[Directions]
Should any entry include an image, skip the image and copy the entry exactly.

━━ Information

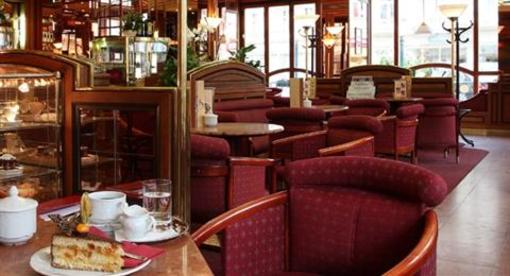 фото отеля Grandhotel Pupp First Class
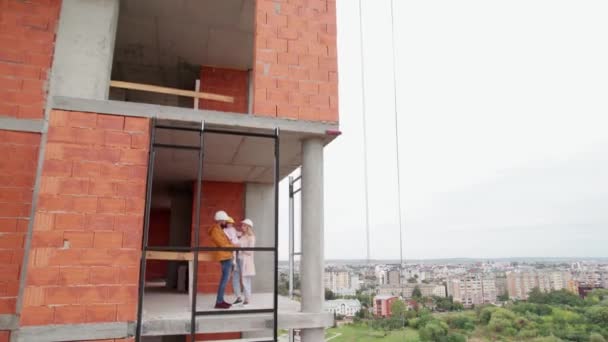 Karısı Çocuğu Olan Bir Adam Inşaat Halindeki Bir Binanın Içinde — Stok video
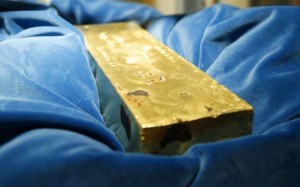 Canadian-plumber-finds-50000-gold-brick-in-bathroom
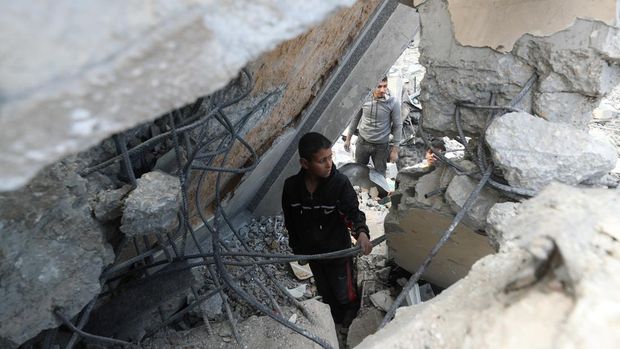 Palestinians inspect the damage at the Dar Al-Arqam school, where displaced people shelter, after it was hit by an Israeli strike on Thursday, in Gaza City, April 4, 2025. REUTERS/Mahmoud Issa     TPX IMAGES OF THE DAY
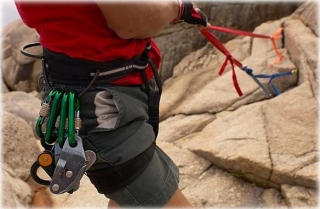  El rappel es divertido. Contenido de imagen digital © 1997-2007 Hemera Technologies Inc., una subsidiaria de propiedad total de Jupiter Images Corporation. Reservados todos los derechos. 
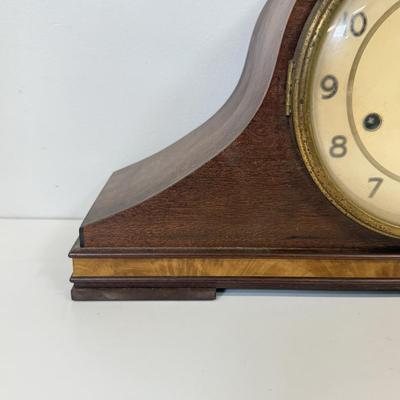 LOT 32: Vintage Seth Thomas Mantle Clock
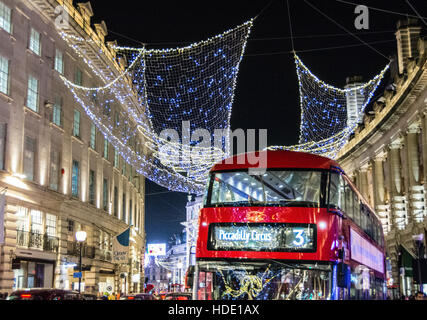 Le luci di Natale nel West End di Londra, Regno Unito Foto Stock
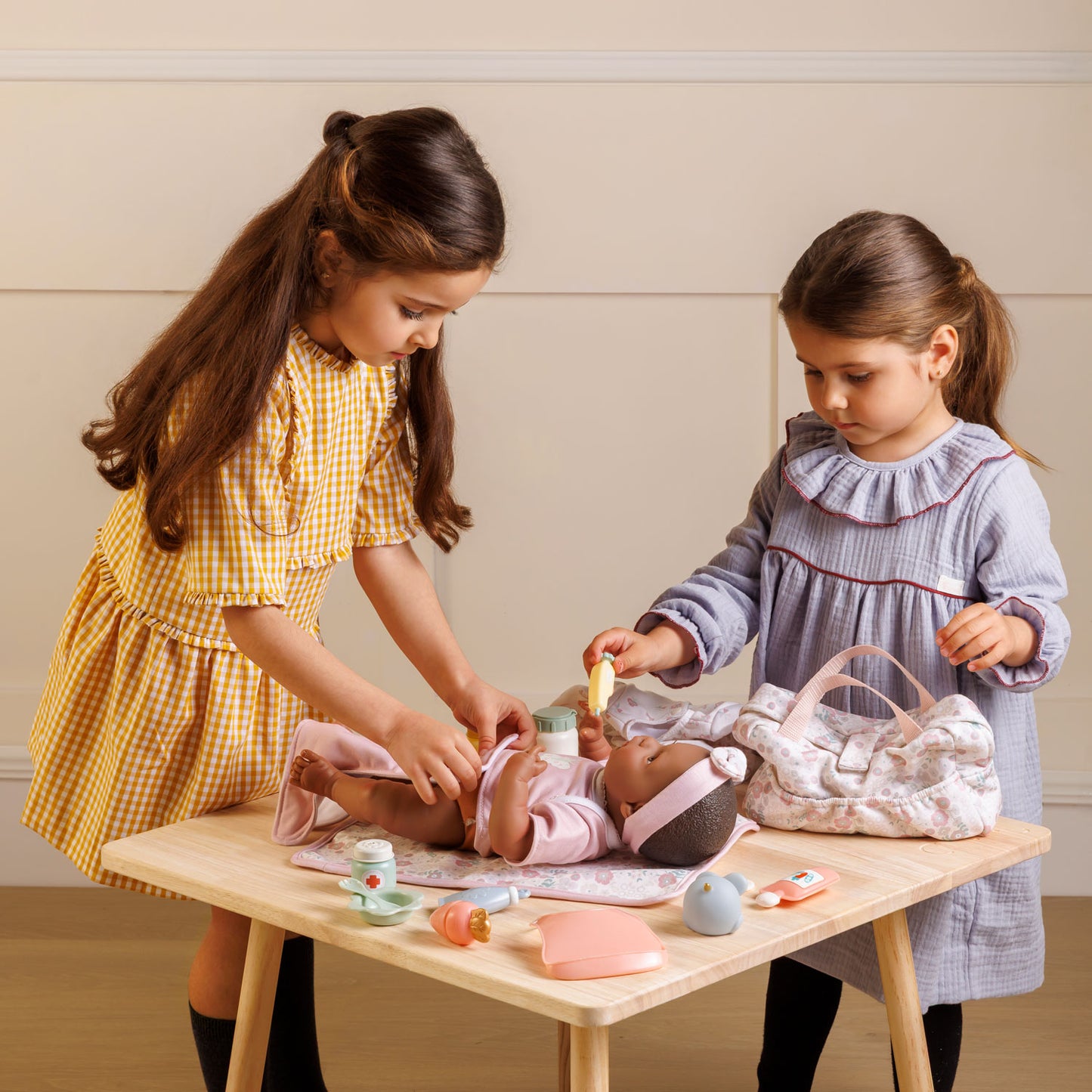 (PRE-ORDER ONLY AVAILABLE AUG 2026)Bonbebé® 15-Piece Doll Diaper Bag Set with Accessories & Changing Mat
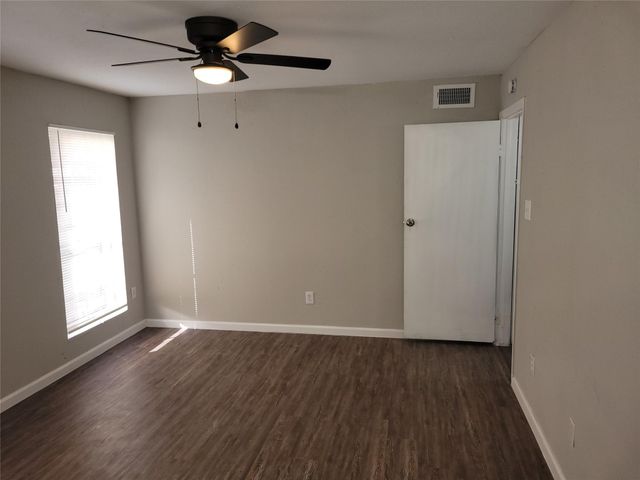 7200 W T C Jester Boulevard 2403, Houston, TX 77088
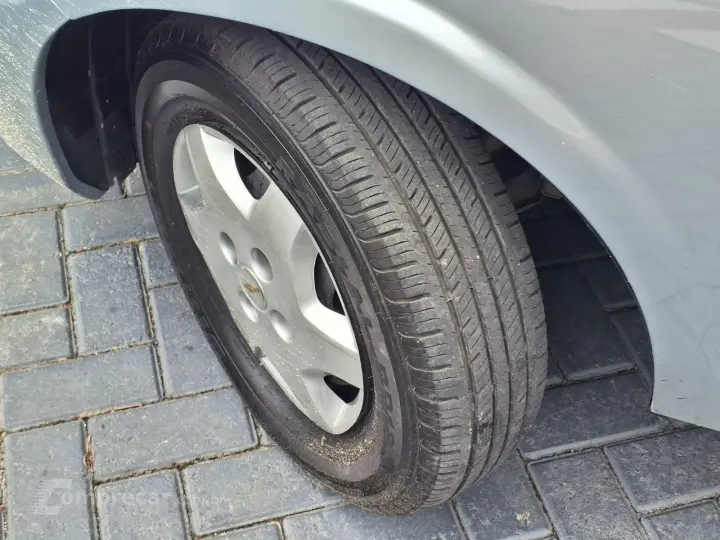 CELTA 1.0 MPFI Spirit 8V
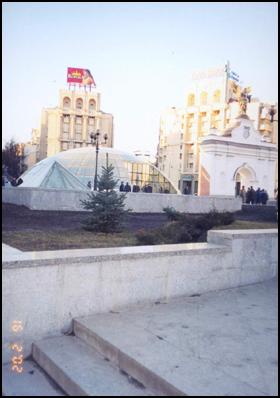  Independence square and the replicated Liadsky Gates.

━━━━

[Exercise output]
 фото отеля Grandhotel Pupp First Class
 Karısı Çocuğu Olan Bir Adam Inşaat Halindeki Bir Binanın Içinde — Stok video
 Canadian-plumber-finds-50000-gold-brick-in-bathroom
 Palestinians inspect the damage at the Dar Al-Arqam school, where displaced people shelter, after it was hit by an Israeli strike on Thursday, in Gaza City, April 4, 2025. REUTERS/Mahmoud Issa     TPX IMAGES OF THE DAY
  El rappel es divertido. Contenido de imagen digital © 1997-2007 Hemera Technologies Inc., una subsidiaria de propiedad total de Jupiter Images Corporation. Reservados todos los derechos. 
 LOT 32: Vintage Seth Thomas Mantle Clock
 Le luci di Natale nel West End di Londra, Regno Unito Foto Stock
 (PRE-ORDER ONLY AVAILABLE AUG 2026)Bonbebé® 15-Piece Doll Diaper Bag Set with Accessories & Changing Mat
 7200 W T C Jester Boulevard 2403, Houston, TX 77088
 CELTA 1.0 MPFI Spirit 8V
  Independence square and the replicated Liadsky Gates.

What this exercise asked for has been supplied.